Guess we don't know the definition of open source. In terms of platform support PhysX runs on everything that Havok does and then some.
Physx intentionally doesn't though.
It's a marketing vehicle to castrate performance to sell GPU's.
Calculated on the CPU = an actually useful physics api which is open and able to influence gameplay dynamics.
Oh, except for physx. They NUKE cpu performance by thread restrictions. Physx is not useful.
How does it?In terms of platform support PhysX runs on everything that Havok does and then some.
The option is greyed out for any system with an ATI card present.
That's not platform support.
Let me correct your statement:
In terms of platform support PhysX runs on nvidia systems only because it's an intentionally win/lose based platform when it comes to real world implimentation.
Buy nvidia, use no ATI or gtfo of our fooooooozEEEXxxx.

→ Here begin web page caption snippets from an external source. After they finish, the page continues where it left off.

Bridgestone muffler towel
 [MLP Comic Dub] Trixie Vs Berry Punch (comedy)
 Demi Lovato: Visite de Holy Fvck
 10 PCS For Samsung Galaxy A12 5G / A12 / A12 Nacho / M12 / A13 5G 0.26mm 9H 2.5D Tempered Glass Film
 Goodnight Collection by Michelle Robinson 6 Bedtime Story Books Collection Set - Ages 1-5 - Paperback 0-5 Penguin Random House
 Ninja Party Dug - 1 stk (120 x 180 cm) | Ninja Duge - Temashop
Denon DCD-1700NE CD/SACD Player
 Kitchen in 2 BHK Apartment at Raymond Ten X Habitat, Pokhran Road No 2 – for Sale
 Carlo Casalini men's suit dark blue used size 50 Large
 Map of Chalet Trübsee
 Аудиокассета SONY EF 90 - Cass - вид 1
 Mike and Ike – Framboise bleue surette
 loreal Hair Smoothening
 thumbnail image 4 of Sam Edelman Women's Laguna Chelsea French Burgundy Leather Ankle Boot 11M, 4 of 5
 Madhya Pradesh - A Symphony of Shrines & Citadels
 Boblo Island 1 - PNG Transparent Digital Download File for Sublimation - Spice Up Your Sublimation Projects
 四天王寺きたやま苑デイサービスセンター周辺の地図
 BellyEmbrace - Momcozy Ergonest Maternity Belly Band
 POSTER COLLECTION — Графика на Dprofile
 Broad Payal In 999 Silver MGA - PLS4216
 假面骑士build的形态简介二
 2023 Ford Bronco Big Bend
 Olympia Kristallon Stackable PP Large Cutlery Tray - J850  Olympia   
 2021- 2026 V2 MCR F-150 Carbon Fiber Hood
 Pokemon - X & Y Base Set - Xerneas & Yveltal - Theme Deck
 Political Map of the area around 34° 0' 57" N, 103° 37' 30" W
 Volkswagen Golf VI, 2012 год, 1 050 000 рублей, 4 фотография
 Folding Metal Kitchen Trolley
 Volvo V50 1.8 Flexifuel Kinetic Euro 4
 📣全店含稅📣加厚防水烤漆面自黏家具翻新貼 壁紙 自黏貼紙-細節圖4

Yes, and of course that is due to some inherent inferiority of one middleware package over another and has nothing to do with the skill of the developers. After all, all Havok games are AAA titles right? Now if you can point to some inherent capability of Havok to produce good physics I'm all ears. All of the impressive implementations of Havok out there are due to significant modification by the game developers - BC2, RedFaction etc.
PhysX is used on 360, PS3, and wii
http://developer.nvidia.com/object/physx_downloads.html
While Havok is used on (I quote Havok here): "Microsoft® Xbox 360,® Sony® PLAYSTATION®3, Nintendo® Wii,™ Microsoft® Xbox®, Sony PlayStation®2, PSP™, and the PC." (linky: http://www.havok.com/index.php?page=havok-physics)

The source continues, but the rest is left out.